I'm wondering how the group S_n can act on a set with more than n elements? I'm basically only looking for some idea as to how to get started on describing such an action and how to think of that action.

Thanks

2. Nov 30, 2009

### latentcorpse

S2 can act on {1,2,3} to give {2,1,3} doesn't it??? *hopes not to have just made a fatal error?*

3. Nov 30, 2009

### Hurkyl

Staff Emeritus
Actions can have more than one orbit.

4. Nov 30, 2009

### latentcorpse

i don't follow...

5. Nov 30, 2009

### Hurkyl

Staff Emeritus
Oh, by the way....

There is a rather obvious action of S_n on a particular set of n! elements....

6. Dec 1, 2009

### altcmdesc

So, essentially, S_n can act on any set of more than n elements by just permuting n of the elements and leaving the rest alone?

7. Dec 1, 2009

### Hurkyl

Staff Emeritus
That's one S_n action.

However, what if you have two sets of n elements arranged into a set of 2n elements? What can you do with that?

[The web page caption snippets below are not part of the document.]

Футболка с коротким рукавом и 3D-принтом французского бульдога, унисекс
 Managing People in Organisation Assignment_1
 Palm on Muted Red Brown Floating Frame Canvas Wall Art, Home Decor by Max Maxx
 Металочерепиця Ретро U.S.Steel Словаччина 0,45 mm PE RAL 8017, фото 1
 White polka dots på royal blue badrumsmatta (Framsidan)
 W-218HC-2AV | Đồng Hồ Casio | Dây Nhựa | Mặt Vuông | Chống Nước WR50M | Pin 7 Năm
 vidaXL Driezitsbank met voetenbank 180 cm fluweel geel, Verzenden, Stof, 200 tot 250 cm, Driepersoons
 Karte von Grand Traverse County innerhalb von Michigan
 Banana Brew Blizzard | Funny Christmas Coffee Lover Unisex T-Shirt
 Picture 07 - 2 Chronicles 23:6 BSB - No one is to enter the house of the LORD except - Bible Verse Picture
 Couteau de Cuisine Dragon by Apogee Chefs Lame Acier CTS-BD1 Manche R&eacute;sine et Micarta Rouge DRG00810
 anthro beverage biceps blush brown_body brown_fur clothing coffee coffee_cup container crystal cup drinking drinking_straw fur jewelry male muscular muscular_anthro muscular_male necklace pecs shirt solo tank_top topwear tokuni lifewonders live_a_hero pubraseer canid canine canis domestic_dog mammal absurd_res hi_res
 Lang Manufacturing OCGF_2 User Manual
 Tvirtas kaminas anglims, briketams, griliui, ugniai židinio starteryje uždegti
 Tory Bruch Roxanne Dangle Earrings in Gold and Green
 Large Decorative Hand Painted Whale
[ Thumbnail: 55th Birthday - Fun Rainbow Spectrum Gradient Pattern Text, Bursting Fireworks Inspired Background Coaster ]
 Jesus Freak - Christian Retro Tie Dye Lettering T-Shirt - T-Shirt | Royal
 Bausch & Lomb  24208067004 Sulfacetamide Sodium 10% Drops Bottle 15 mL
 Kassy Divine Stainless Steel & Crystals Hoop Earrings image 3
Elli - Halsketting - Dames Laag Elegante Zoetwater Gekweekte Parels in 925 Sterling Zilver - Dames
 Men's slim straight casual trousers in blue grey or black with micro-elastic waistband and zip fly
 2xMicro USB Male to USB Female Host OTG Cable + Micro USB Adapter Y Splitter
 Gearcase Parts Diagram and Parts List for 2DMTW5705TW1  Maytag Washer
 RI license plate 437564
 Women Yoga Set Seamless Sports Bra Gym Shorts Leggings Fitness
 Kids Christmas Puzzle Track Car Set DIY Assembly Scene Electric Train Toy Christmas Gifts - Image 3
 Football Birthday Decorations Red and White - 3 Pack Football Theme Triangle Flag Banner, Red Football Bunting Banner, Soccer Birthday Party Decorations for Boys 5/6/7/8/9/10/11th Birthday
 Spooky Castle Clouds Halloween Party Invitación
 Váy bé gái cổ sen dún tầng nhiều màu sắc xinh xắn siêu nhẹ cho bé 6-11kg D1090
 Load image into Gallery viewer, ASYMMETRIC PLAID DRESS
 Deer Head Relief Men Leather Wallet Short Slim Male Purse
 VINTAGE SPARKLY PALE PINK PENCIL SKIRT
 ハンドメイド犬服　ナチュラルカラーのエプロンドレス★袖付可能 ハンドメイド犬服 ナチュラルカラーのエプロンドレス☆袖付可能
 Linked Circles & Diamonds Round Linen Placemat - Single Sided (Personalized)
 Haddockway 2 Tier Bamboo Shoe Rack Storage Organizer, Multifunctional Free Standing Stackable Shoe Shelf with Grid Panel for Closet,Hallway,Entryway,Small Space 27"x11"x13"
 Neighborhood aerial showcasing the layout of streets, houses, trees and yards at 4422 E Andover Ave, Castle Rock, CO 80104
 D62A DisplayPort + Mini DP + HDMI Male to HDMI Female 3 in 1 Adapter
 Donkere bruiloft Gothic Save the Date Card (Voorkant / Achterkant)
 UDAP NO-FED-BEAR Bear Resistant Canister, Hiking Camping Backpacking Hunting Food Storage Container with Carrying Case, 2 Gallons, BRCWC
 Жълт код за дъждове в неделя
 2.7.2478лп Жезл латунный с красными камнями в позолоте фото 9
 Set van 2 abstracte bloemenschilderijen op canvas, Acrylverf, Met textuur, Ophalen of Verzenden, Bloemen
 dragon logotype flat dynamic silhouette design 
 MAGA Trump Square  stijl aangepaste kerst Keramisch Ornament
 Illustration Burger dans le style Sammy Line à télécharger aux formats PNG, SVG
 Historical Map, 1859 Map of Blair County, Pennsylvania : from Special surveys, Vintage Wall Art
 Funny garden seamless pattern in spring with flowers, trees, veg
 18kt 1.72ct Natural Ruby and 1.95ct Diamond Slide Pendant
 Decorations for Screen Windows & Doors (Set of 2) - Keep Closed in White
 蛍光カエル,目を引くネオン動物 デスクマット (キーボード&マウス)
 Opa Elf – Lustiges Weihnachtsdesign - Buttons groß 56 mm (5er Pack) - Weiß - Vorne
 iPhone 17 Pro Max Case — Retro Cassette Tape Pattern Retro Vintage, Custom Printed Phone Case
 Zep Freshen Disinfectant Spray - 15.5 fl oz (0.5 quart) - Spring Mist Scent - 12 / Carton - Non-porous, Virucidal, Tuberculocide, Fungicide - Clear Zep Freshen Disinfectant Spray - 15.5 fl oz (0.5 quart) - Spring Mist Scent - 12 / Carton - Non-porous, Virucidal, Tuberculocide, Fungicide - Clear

But the hint I was trying to give earlier is that S_n has a very natural action on itself, viewed as a set of n! elements. (Can you see what that action would be?)

8. Dec 1, 2009

### altcmdesc

It acts on itself by conjugation, right? Does that action apply to sets with less than n! elements as well by taking an element $$a$$ in the finite set and multiplying it by $$pap^{-1}$$?

9. Dec 1, 2009

### Hurkyl

Staff Emeritus
That's one of them.

There's another one that, in some sense, is more fundamental: it acts by multiplication.

It turns out that every transitive action of a group G is isomorphic to a quotient of this one -- that is, G acting on the set G/H by multiplication, where H is a (not necessarily normal) subgroup.

And every action of a group G is a disjoint union of transitive actions -- it's the union of its orbits, and each orbit is a transitive G-set.

Multiplying on the right isn't defined. (although there are generalizations where right and left multiplication can happen to your set)